*** Opening of Collected material ***

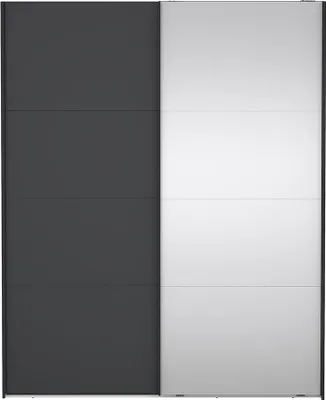 Produktbild von Catania Kleiderschrank 221x179x65cm, 1 Schiebetür, 1 Schiebetür mit Spiegel matt schwarz.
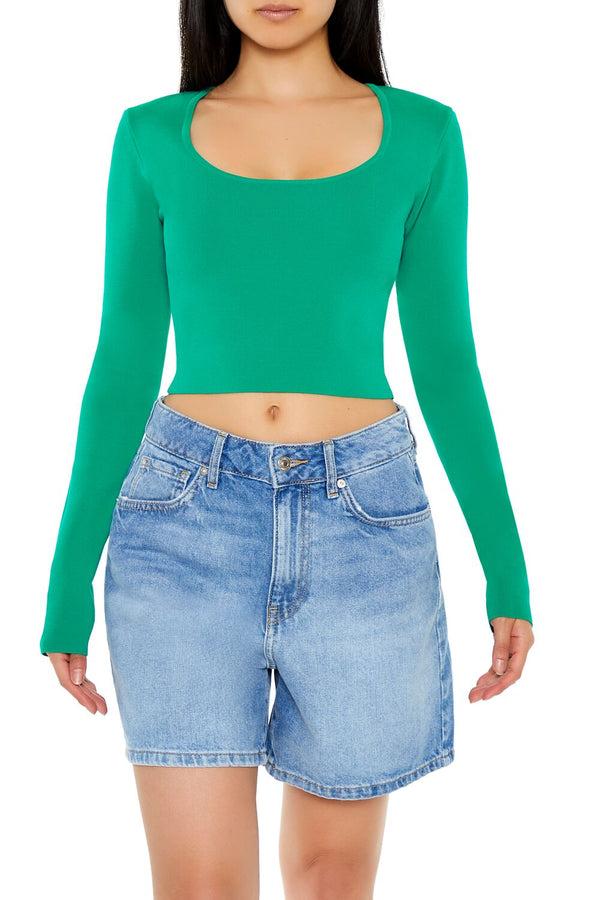 Forever21 Ribbed Sweater-Knit Crop Top JADE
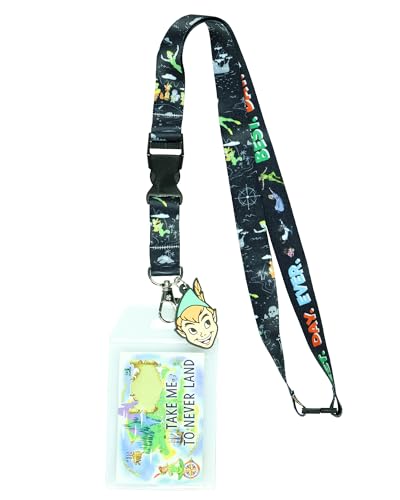 Disney Peter Pan Best Day Ever Lanyard with Clear ID Badge Holder and 2" Rubber Peter Pan Charm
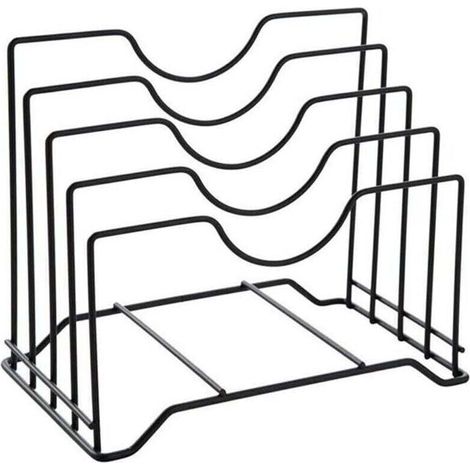 Küchenutensilienregal, Küchenregal aus Metall und Eisen, Halter für Teller, Topfdeckel, Schneidebretter - Crezuo (1/3)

*** Close of Collected material ***

Exercise =>
Reproduce the data in full. Do not carry over any picture.

Task output =>
 Produktbild von Catania Kleiderschrank 221x179x65cm, 1 Schiebetür, 1 Schiebetür mit Spiegel matt schwarz.
 Forever21 Ribbed Sweater-Knit Crop Top JADE
 Disney Peter Pan Best Day Ever Lanyard with Clear ID Badge Holder and 2" Rubber Peter Pan Charm
 Küchenutensilienregal, Küchenregal aus Metall und Eisen, Halter für Teller, Topfdeckel, Schneidebretter - Crezuo (1/3)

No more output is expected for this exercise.